Dataset content:
--------------------------------

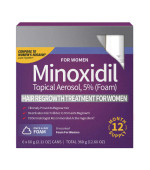 [保存期限到 2027年11月] Kirkland Minoxidil 5% Foam 米諾地爾 女性專用 生髮慕斯 (一盒六瓶 x 60g - 共 6個月份量)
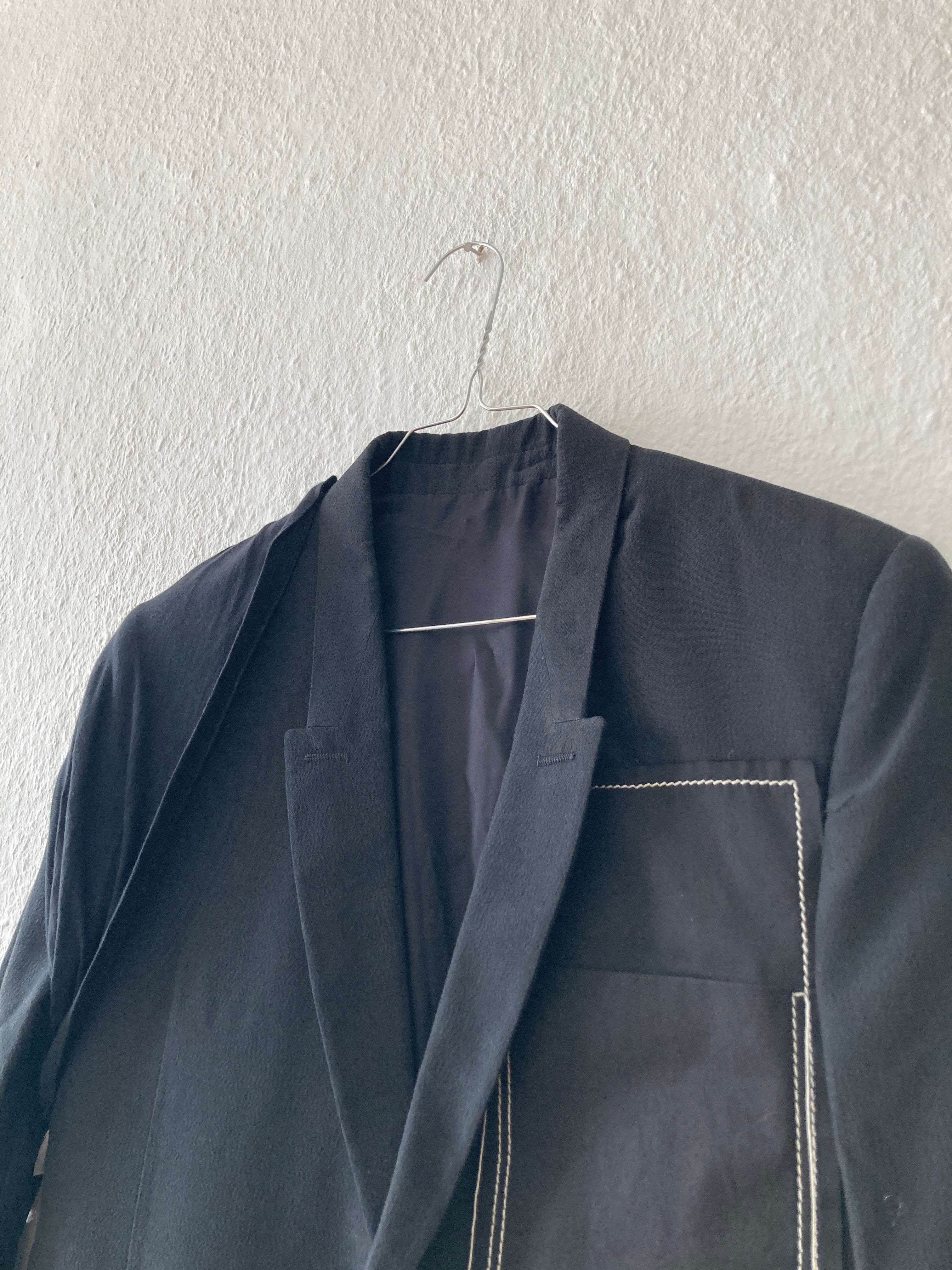 S/S 19 "BABEL" Black New Soft Blazer in Silk/Viscose/Cotton IT50/M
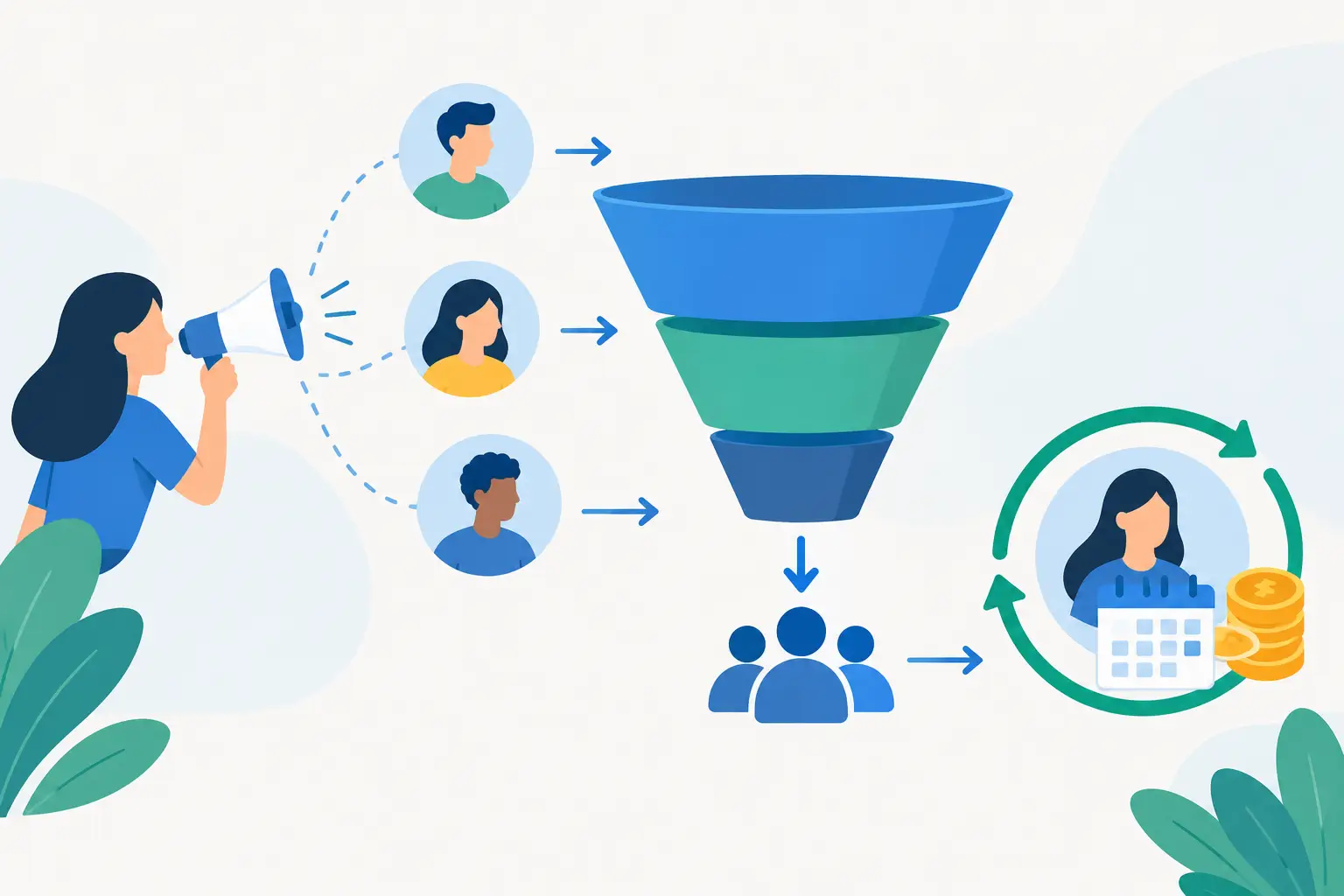 Referral Funnel Example for Recurring Income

--------------------------------

Problem description:
Each line from the one with "in Silk/Viscose/Cotton IT50/M" to the end of the material needs to be output word for word, with no picture included.

Solution for this exercise:
 S/S 19 "BABEL" Black New Soft Blazer in Silk/Viscose/Cotton IT50/M
 Referral Funnel Example for Recurring Income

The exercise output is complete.